# Flash website templates



## M.D. Vaden (Feb 11, 2007)

How many people who are thinking about getting a website, have checked into the pre-made flash templates?

Some are very nicely done, and only cost like $70.

It may require a full day for a webmaster with flash skills to edit, but that may still keep a companies cost to like $500 for an elegant site, instead of thousands.

I was browsing a few today after this landscaper posted his link on lawnsite...

http://www.greenskeeperlc.com

I'm fairly certain that that site is a template. But many are that nice or better.


----------



## Ekka (Feb 11, 2007)

Mario

You just cant help yourself can you? lol Flash websites .... bells and whistles but big ZERO in the rankings dept.

If you rely on people finding your website to contact you not the other way around then you'll be sorry for using flash no matter how much it glitters. :greenchainsaw:


----------



## M.D. Vaden (Feb 11, 2007)

Ekka said:


> Mario
> 
> You just cant help yourself can you? lol Flash websites .... bells and whistles but big ZERO in the rankings dept.
> 
> If you rely on people finding your website to contact you not the other way around then you'll be sorry for using flash no matter how much it glitters. :greenchainsaw:



I should have guessed that you would be the first to chime in  Mainly, I'm thinkng of the guys who don't plan to drive traffic from the internet. Yesterday, I added a chunk of information at the end of my site's search engine topic page about driving traffic from flyers, ads and cards.

1. In some cities, there will be too many websites someday to practically strive for search engine results. 2. Many companies highly underestimate driving traffic from flyers and advertisements.

I'd take flash in a heartbeat if I had triple the internet competition and had to start from scratch. Mainly because I enjoy the cool looking effects. 100% of every web traffic article I've read, focused on search engine type traffic.

I'm developing my page to be miles ahead of the game for the various handfuls of people who should not get wrapped-up in the search engine rat-race. On the page, I refer to it as limited treasure.

The advice page concludes at the end with effective ideas for driving traffic from advertising, LOCALLY. And that's something each company can almost totally control and make their own "algorithyms" for. And for someone who plans to expend 100% of their effort to driving traffic from written ads, FLASH would be excellent.

If they have a yellow page listing, then it's still going to show on the internet at the same identical spot anyway, so Flash won't affect that at all.


----------



## Locoweed (Feb 11, 2007)

I'm sure I will be part of a small minority when I tell you that I do not like flash and have removed it from my computer.

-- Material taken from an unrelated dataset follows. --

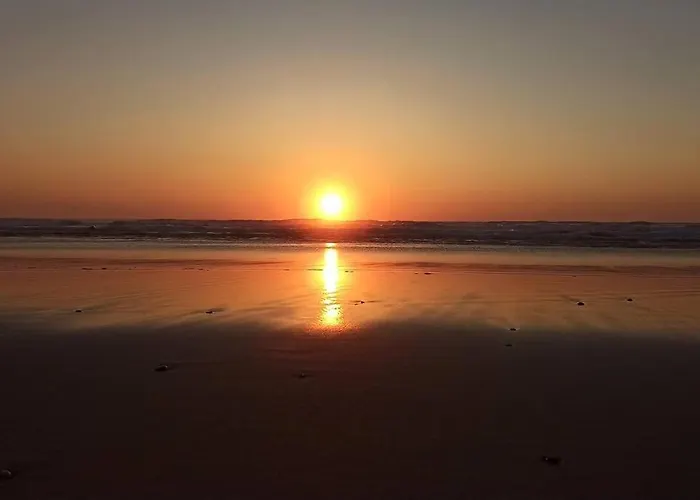 Maison En Born 6-8 Personnes-l'échappée Landaise Parentis-en-Born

There are too many irritating sites and ads that use flash in a manor that I find to be highly irritating out there. It also uses up too much bandwidth for folks on dial up.

My $.02


----------



## Ekka (Feb 11, 2007)

Mario

If you saw how much junk mail letterboxes here have everyday you'd realise letterbox drops are way worse than internet as an advertising medium. It may be better there for you but I'll take photos of what we get here.

Why don't you just embed some flash into a HTML site?

Or have 2 sites, one flash and one html? As the search engines cant read flash there'll be no penalty for duplicate content. Just call one .com and the other .net piss easy!

I'm the other way around. I had a flash site for 3 years did big fat jack chit ... paid over $2K for it also, now I rebuilt html and get some results. 

No way would I risk my business on a total flash site again. They say some day the bots will be able to read flash till then adios .flv :hmm3grin2orange: 



> In some cities, there will be too many websites someday to practically strive for search engine results.



Not true. Unlike any other form of advertising this one can make immediate responses to adjustment plus you'll be able to see who's infront of you and work on it. One of the important factors considered is how long your site has been around ... so long termers will have some advantage over noobs. Will there be more websites for tree business than businesses listed in Yellow Pages? YES. Coz the entry is cheaper but to SEO the site for performance is the same as upsizing and adding color to Yellow Pages ... hence a more decent and logical race is on not dictated by a conglomerate.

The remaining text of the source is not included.